Tuttavia, ha sempre mantenuto una predisposizione verso autori meno conosciuti, collaborando con loro in percorsi di convivenza, come evidenziato dalla sua collaborazione con Giuseppina Grasso Cannizzo: qua Binet sotto un’illuminazione diversa, quella del sole siciliano, riesce a far risaltare le nitide strutture di ferro, le superfici di calce e cemento e le pavimentazioni naturali, esaltando la loro forza compositiva.
Da non dimenticare sono i suoi viaggi per catturare i riflessi di luce sulle pietre riciclate nell’area archeologica dell‘Acropoli di Atene di Dimitris Pikionis o la luce drammatica del Couvent Sainte-Marie de La Tourette di Le Corbusier o la luce spirituale dell’osservatorio Jantar Mantar a Jaipur, in India, o le foto più recenti scattate nei Giardini classici di Suzhou in Cina, dove la delicatezza della luce riflette la visione di una natura come “presenza materna”, che protegge e sorveglia gli edifici.
Una serie di nuove foto dal titolo Flowers and Time segnano invece una svolta nel lavoro di Binet verso un modo più libero e giocoso di lavorare con la luce e la natura.
Le Mostre più recenti
Tra le ultime mostre personali di Hélène Binet, due ci hanno lasciato una memoria speciale.
La prima nel 2021 nelle prestigiose sale della Royal Academy a Londra Light Lines: The Architectural Photographs of Hélène Binet, la seconda due anni dopo nel 2023 ad Euroluce durante il Salone del Mobile.Milano, Hélène Binet.
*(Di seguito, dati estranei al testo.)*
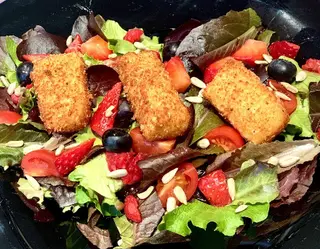 Ensalada Con Buñuelos De Brie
Nature, Time and Architecture. Entrambe le esposizioni avevano lo scopo di investigare in modo analitico e puntuale un tema centrale della sua opera: il rapporto tra luce e architettura.
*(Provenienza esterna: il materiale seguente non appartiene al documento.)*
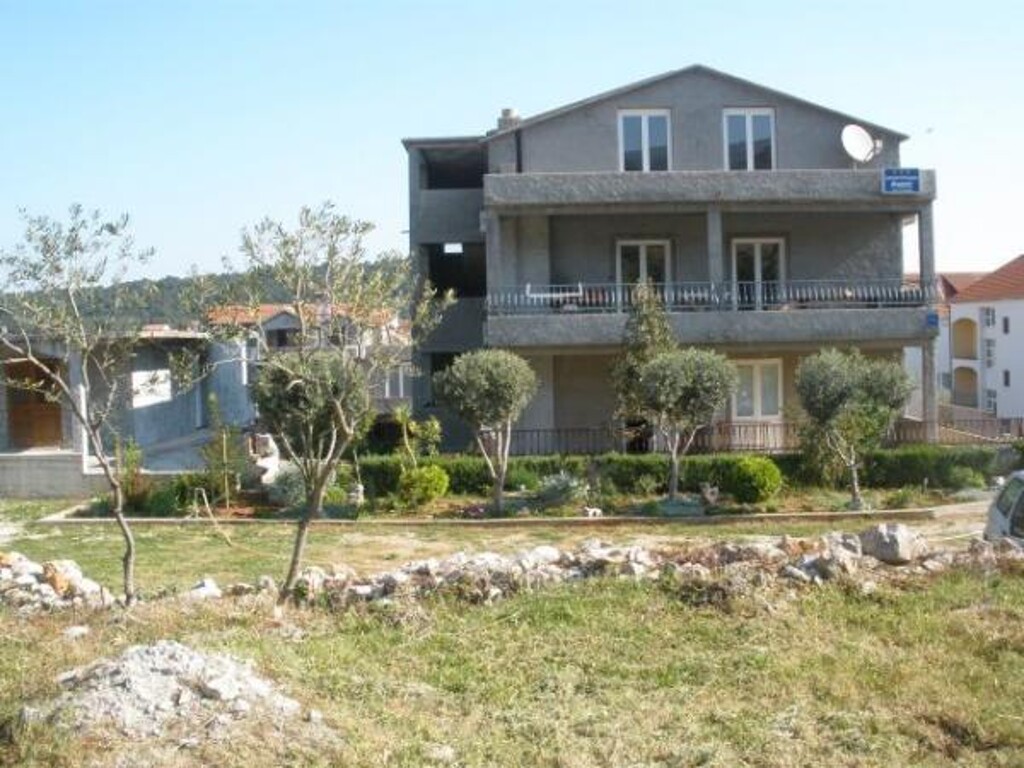 Image 3810962 - 10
Alla Royal Academy a Londra in un’atmosfera intima Hélène Binet espone la sua capacità di catturare gli elementi essenziali dell’architettura, le immagini potenti e oniriche, rivelano la luce, lo spazio e la forma di queste grandiose architetture.
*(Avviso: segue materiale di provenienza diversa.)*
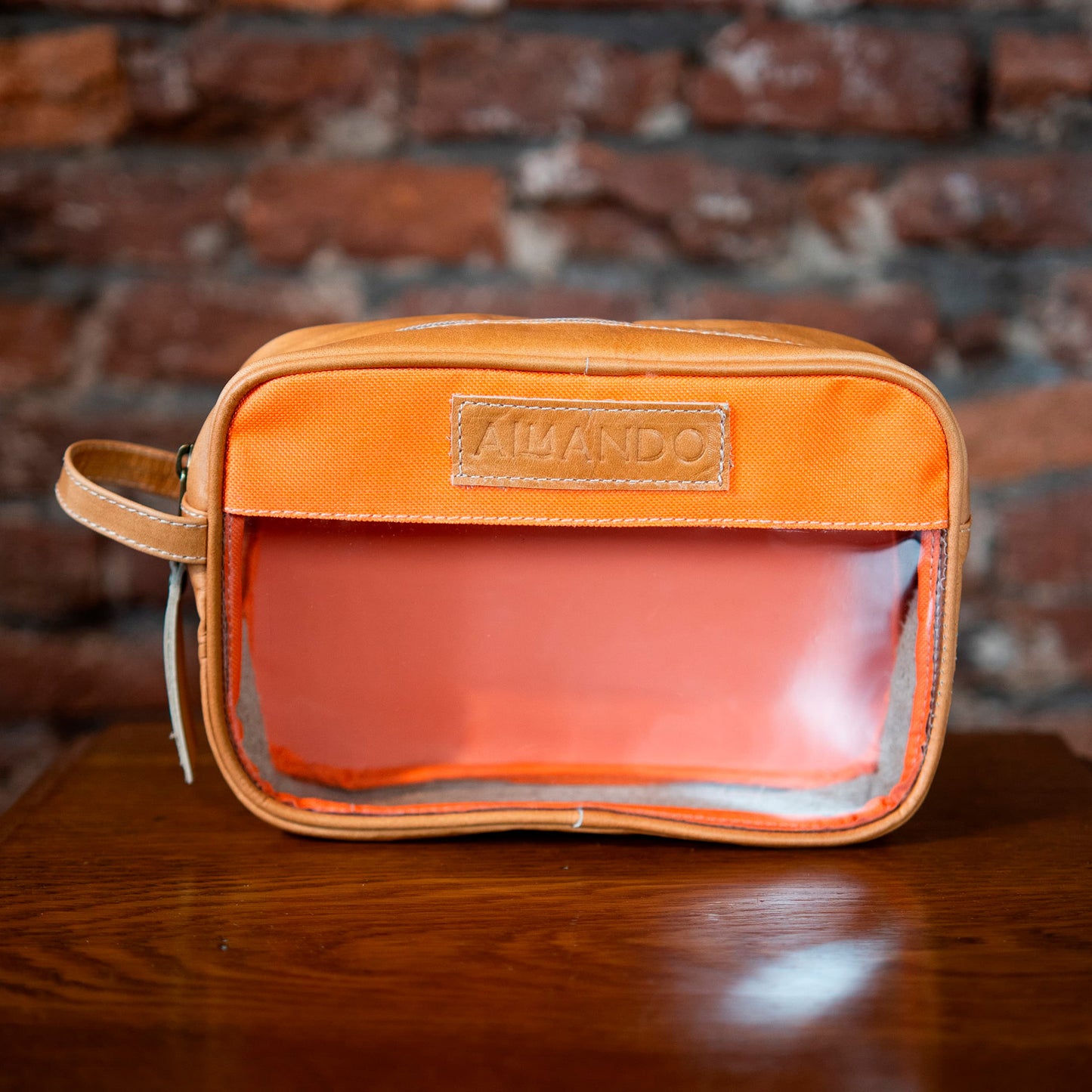 Necessaire con visor transparente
A Milano nell’ambito culturale di Euroluce, in un padiglione immaginato come momento di pausa e riflessione, si è invece esposta una raccolta di frammenti; non un racconto intero, non una ricerca di dettagli tecnici ma una lettura dello spazio e della luce, vera essenza dell’architettura.
La luce di Hélène Binet
Il lavoro di Binet è una celebrazione della lentezza, un inno al movimento della luce solare, un rituale dove queste due azioni si sovrappongono nello spazio dell’architettura, in attesa dell’inquadratura “perfetta” per immortalare il carattere dell’opera architettonica. Fotografie che raccontano di autori e di luoghi dove il lento movimento della luce su superfici, forme e materiali invita a un rallentamento e a una riflessione sulla magica relazione tra luce e architettura.